2013-02-22 Thread Tony Lu
>From: Dave Chinner [mailto:da...@fromorbit.com]
>On Fri, Feb 22, 2013 at 08:12:52AM +, Tony Lu wrote:
>> I encountered the following panic when using xfs partitions as rootfs, which
>> is due to the truncated log data read by xlog_bread_noalign(). We should
>> extend the buffer by one extra log sector to ensure there's enough space to
>> accommodate requested log data, which we indeed did in xlog_get_bp(), but we
>> forgot to do in xlog_bread_noalign().
>
>We've never done that round up in xlog_bread_noalign(). It shouldn't
>be necessary as xlog_get_bp() and xlog_bread_noalign() are doing
>fundamentally different things. That is, xlog_get_bp() is ensuring
>the buffer is large enough for the upcoming IO that will be
>requested, while xlog_bread_noalign() is simply ensuring what it is
>passed is correctly aligned to device sector boundaries.

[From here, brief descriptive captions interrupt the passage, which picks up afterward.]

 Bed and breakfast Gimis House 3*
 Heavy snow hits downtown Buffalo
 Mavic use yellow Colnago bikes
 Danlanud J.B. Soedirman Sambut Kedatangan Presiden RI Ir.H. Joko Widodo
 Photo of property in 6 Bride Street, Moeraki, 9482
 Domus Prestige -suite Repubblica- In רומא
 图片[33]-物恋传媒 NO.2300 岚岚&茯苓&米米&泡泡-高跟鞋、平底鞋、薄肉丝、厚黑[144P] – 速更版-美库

I set the sector size as 4096 when making the xfs filesystem.
-sh-4.1# mkfs.xfs -s size=4096 -f /dev/sda3

In this case, xlog_bread_noalign() needs to do such round up and round down 
frequently. And it is used to ensure what it is passed is aligned to the log 
sector size, but not the device sector boundaries.

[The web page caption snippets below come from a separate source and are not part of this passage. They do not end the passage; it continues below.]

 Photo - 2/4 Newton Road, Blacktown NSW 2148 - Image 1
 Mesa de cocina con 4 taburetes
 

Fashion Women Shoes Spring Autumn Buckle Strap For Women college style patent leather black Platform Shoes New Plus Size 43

Here is the debug info I added when mounting this xfs partition.
-sh-4.1# mount /dev/sda3 /home/
XFS (sda3): Mounting Filesystem
xlog_bread_noalign:blk_no=0,nbblks=1,l_sectBBsize=8
xlog_bread_noalign:blk_no=61447,nbblks=1,l_sectBBsize=8
xlog_bread_noalign:blk_no=0,nbblks=1,l_sectBBsize=8
...
xlog_bread_noalign:blk_no=8695,nbblks=1,l_sectBBsize=8
xlog_bread_noalign:blk_no=4600,nbblks=4096,l_sectBBsize=8
xlog_bread_noalign:blk_no=8184,nbblks=512,l_sectBBsize=8

>So, if you have to fudge an extra block for xlog_bread_noalign(),
>that implies that what xlog_bread_noalign() was passed was probably
>not correct. It also implies that you are using sector sizes larger
>than 512 bytes, because that's the only time this might matter. Put
>simply, this:

While debugging, I found when it crashed, the blk_no was not align to the log 
sector size and nnblks was aligned to the log sector size, which makes sense.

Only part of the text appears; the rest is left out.